Sunday, November 29, 2009

Textml - an xml shorthand for your text files

The idea

A shorthand that can be used to mark up text in text files but which is easier to handle than writing full-blown xml.

Why bother?

Sometimes I'd like to be able to document things in a text file - from a todo list, to a plan, to documentation on something. I'd like to be able to add slightly richer structures to my text documents. If you use text documents and text editors, you might find this a reasonable idea.

Quickstart

You create tags like this:

  @plan {
    Here is a plan.
  }
  => <plan>Here is a plan.</plan>

Add attributes like this:

  @plan {
    @date: 24-Nov-09
    Here is a plan.
  }
  => <plan date="24-Nov-09" >Here is a plan.</plan>

I often find myself wanting to create a tag context but using long-winded names eg
  @tasks {
    @finish-by: 24-Nov-09

    hosting agreement {
      - do X
    }
  }
  

In this example "hosting agreement" is not necessarily something I want to be a tag. It's not so much the tag as the content of the tag or one of its attributes. As a result, I leave off the '@'.

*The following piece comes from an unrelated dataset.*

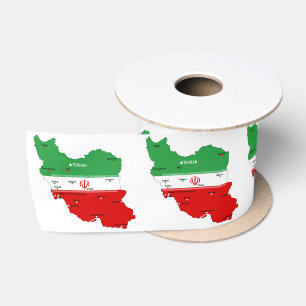 Iran kaart met vlag en embleem lint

Now it's up to the context to define how we interpret this structure. Let's suppose we were writing an xml converter for this textml document, then we might define a rule like this: "For non-'@' sections under @tasks, convert to:"

   <task finish-by="24-Nov-09" >
     <issue>hosting agreement</issue>
     <ul>
       <li>do X</li>
     </ul>
   </task>
  

A lot of the time you probably don't ever want to convert textml so your brain applies something similar to the above rule although without all the detail. In your mind you simple say "This is a section about ... ".

I find myself using this above shorthand a lot since I don't want to write in the extra context every time I start up a new section and textml is already doing a good job of providing context within which this shorthand is used.

Paragraphs

The main motivation for textml was to work with text files. so the issue of whether to insert paragraphs tags around each paragraph is a non-issue. You don't bother. You might use a blank line to break them up instead.

However, if you were wanting to convert to real xml, you might want to consider some sort of hinting system. A hint would work within the tag you set it and would probably be inherited. This hint would direct the parser to insert paragraph tags under certain conditions, or not to.

  
    @some-tag {
      #'auto-paragraph 1

      Sentence 1.
      Sentence 2.

      Sentence 3.
    }
    =>
    <some-tag>
      <p>Sentenxt 1.  Sentence 2.</p>
      <p>Sentenxt 3.</p>
    </some-tag>
  
  

In the above example "#'" signifies a hint which has been set for @some-tag. This hint tells the parser to generate paragraph tags around content and to start a new paragraph after 1 empty line.

Bullets

Before I used textml, I used bullets - usually hyphens or asterisks in my text files. The same applies in textml. Use hyphens to create unordered lists. Indentation is assumed to be important. Note how the 2nd @description is indented the same as the string "item 1".

  - item 1
    - item 1.1
      @description {
        Description about item 1.1
      }
    @description {
      Description about item 1.
    }
  

The following attempts to make it more explicit and to remove reliance on the significance of indentation, but I don't think it will catch on:

  -{ item 1
     -{ item 1.1
        @description {
          Description about item 1.1
        }
      }
      @description {
        Description about item 1.
      }
   }
  

Numbered bullets might take the following form:

  # item 1
    # item 1.1
      @description {
        Description about item 1.1
      }
    @description {
      Description about item 1.
    }
  

Converting to xml

The point of textml is allow you to add structure to your text files. For the sorts of things I work on, I don't need to publish what I'm doing into xml.

However it would be fairly straightforward to write script or parser to generate the appropriate xml. Then transform that xml using xslt into other xml-based formats such as xhtml.

Benefits

  • It's easier to date things, sign things, or otherwise add some sort of meta data to something to give you extra information about what you were doing in your text file, when and why etc
  • Makes it easier to explore using xml to create structure or semi-structure. I'm interested in this because I'm looking at xml to represent certain types of knowledge and learning - think of dialectics, assignments, forums, q & a. textml makes it easy to play with some of this straight away in your text editor.
  • Once you've defined a "context" - a parent tag or hierarchy with attributes, you don't have to constantly remind your audience about it. Textml allows you to create structure within your text documents which defines context; once that's out of the way you can concentrate on the specific issue. For instance If my tag is
      @plan {
        @start-date: 24-Nov-09
        - Do X
        - Do Y
      }
     
    A context of a plan and its start date has already been set. Everything I write is within that context.

Limitations

  • A text file is not a web-based document so you can't show images.
  • You are confined to the linear format of a text file; in a browser you can potentially break things up a bit more as well as insert hyperlinks. If you're wanting to do that, you should work with real xml or xhtml in a browser or other capable user-agent.